One nomination said he “represents the passion for doing great things while loving what he does and being interested in the people that surround him.” Another student appreciated his steady encouragement and said that he “really challenges us to think critically about our cases and class discussions. He has inspired depth of thought and created a really fun class that's very challenging in a good way.”
In accepting the award, Levav said the most important lesson in teaching came from his wife, who sensitized him to potential gender differences in classroom interaction. “The challenge for me was how do I create a classroom context where I can be the sort of aggressive-demanding me but do that in an environment where everyone feels comfortable, including people that have different backgrounds and psychology.”
In addition to his MBA teaching, Levav works with students as co-director of all student-led study trips and serves as the faculty director for the Behavioral Lab. He is also faculty director of the Stanford Ignite-Santiago program in innovation and entrepreneurship and faculty co-director of Stanford Ignite-Bangalore.
2015 PhD Faculty Distinguished Service Award: John-Paul Ferguson
PhD students commended Assistant Professor of Organizational Behavior John-Paul Ferguson, whom they call JP, for his clarity in direction, eagerness to problem solve, and his generosity in offering guidance that extends beyond his official duties.
Ferguson, who studies the dynamics of bureaucracy and careers in organizations, teaches Strategic Leadership and Stratification in Organizations. As PhD advisor, he engages with students preparing for an academic career and provides strategic guidance on research. “I have walked into JP’s office with a jumble of related research strands and left with a clear research question and a preliminary empirical strategy,” said one student. His “commitment to PhD students is really unmatched,” said another.
"JP is the ‘Swiss Army knife’ of our faculty,” another student noted. “His willingness to help out with just about any problem or topic makes him a fantastic person to have as our liaison."
Ferguson said he was excited when he received notification of the award, but not for obvious reasons: “I’ve said I’m more proud as a junior professor to win the PhD teaching award versus the MBA teaching award. At this point in my career, I’m trying to develop my reputation as a researcher, and being strong at advising PhD students, developing their research topics with them and so on, is an important skill to be honing,” he said.
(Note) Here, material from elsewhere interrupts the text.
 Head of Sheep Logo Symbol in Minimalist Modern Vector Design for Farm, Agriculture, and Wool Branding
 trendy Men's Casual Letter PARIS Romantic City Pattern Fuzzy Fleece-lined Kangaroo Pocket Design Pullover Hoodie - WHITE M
Ferguson sees his role as providing important perspective to help students frame their research in order to broaden their appeal to new and differing audiences.
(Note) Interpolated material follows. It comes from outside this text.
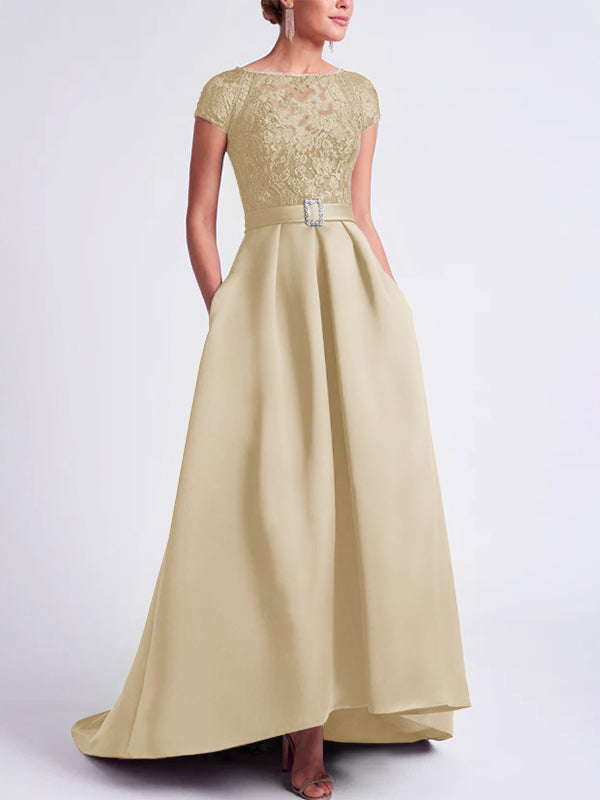 Robes de Mère de la Mariée Asymétriques à Manches Courtes et Coupe Princesse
He also said that when students come to him for research advice, his guidance often veers outside topics confined to empirical research to career and personal advising.
MSx Distinguished Teaching Award: Elizabeth Blankespoor
Assistant Professor of Accounting Elizabeth Blankespoor, who studies financial reporting and corporate disclosure, teaches Global Financial Reporting.
Students honored Blankespoor for taking on the difficult global accounting course and then making it even more difficult for herself by teaching the advanced version of the class.
In identifying Blankespoor for the award, the nominating committee acknowledged that “spending 10 weeks teaching to CPAs, CFOs, FDs must have been hard, yet she balanced imparting knowledge with humility, in equal measure, to inspire the students each week.”
Students praised Blankespoor’s enthusiasm for teaching MSx students advanced accounting topics: "The passion for the subject and for teaching clearly comes through," said one student.
"The effort that goes into each class is outstanding; to care that each person ‘gets it’ is amazing," another student noted.
Upon acceptance, Blankespoor called the award a “wonderful surprise.” She noted that last spring when first asked to teach the course, she was curious as to what the experience would yield. Given the MSx class is a bit larger than MBA classes, she wondered if the size might hamper discussion. “I soon realized we didn’t have a problem with discussion, it was [with] getting a word in edgewise,” she joked at the award ceremony.
The MSx students’ diverse backgrounds, she said, led them to be “as excited about advanced accounting as I am.”
Her research focuses on the determinants of financial reporting and corporate disclosure choice, as well as the implications of these choices for capital market participants, regulators, and the flow of financial information. Her recent work examines the role of information processing costs in firm disclosure choice, the impact of changes in information technology on financial information flow, and the use of fair values in financial reporting.